I’m now looking into the data for the first time, and to save myself a bit of time, I created a basic R script to get rough overviews for each scale. This script uses a number of tools (exploratory and confirmatory factor analysis, principal component analysis, network analysis) to get at basic information. I thought I’d share it here if others wanted to use it. It’s set up in a way that all you need to do is select your particular items, and it should all just run automatically.
I’ll walk you through the code briefly, and paste some graphs of how this looks like in example data. In the models, we’re going to ignore distributions (skewed), ordinal vs gaussian data (I just assume data to be normal for this example), and any complications: this is really just a quick setup.
(Note: WordPress keeps screwing with my assign symbol, so I’ll use “←” here instead.)
Step 1: packages and basic data wrangling
library("readr") library("dplyr") library("psych") library("qgraph") library("bootnet") library("OpenMx") library("EGAnet") library("lavaan") |
I show you two ways to select subsets of your data. First, when variables are organized subsequently.

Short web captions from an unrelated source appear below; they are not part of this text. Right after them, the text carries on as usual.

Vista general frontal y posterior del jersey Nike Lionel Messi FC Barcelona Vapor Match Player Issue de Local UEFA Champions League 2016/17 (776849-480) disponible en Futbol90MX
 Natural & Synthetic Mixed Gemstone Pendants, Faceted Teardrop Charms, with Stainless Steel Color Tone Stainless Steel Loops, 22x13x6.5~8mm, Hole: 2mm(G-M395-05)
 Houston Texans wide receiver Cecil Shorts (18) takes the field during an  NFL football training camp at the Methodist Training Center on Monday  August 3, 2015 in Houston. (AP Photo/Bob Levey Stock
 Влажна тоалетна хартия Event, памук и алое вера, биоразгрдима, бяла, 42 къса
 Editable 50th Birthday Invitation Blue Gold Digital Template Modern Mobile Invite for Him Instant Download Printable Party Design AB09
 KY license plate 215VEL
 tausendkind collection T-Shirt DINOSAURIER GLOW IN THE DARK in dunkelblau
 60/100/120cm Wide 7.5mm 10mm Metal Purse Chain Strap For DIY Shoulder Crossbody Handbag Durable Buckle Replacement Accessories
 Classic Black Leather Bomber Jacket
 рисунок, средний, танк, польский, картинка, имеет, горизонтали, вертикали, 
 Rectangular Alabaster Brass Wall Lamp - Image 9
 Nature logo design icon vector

df ← read_csv("data.csv") start ← which(names(df)=='ItemName1'); start # enter the first questionnaire item end ← which(names(df)=='ItemName20'); end # enter the last questionnaire item df_small ← na.omit(select(df, start:end)) |
Or second, when variables you want are not subsequent:
selection ← c ( which(names(df)=='ItemName1'), which(names(df)=='ItemName14'), which(names(df)=='ItemName27'), which(names(df)=='ItemName31'), which(names(df)=='ItemName55'), which(names(df)=='ItemName102')) df_small ← na.omit(select(df, c=selection)) |
I also have a brief section on how to quickly make sum-scores:
df_small ← df %>% rowwise() %>% mutate(new_sumscore=sum(ItemName1,ItemName2,ItemName3)) |
Step 2: Descriptives
Now that we have the dataframe we want, we can run a number of psychometric analyses. I usually start with descriptives; I’m sure there are fancier ways to do this, but I really like the dfSummary function from the ‘summarytools’ package. And then I usually visualize my correlation matrix via the ‘qgraph’ package, using a spring layout where more closely related items are visualized more closely together. The vechs function takes the lower triangle of the matrix excluding the diagonal (you don’t want those pesky 1s of the diagonal in your summary).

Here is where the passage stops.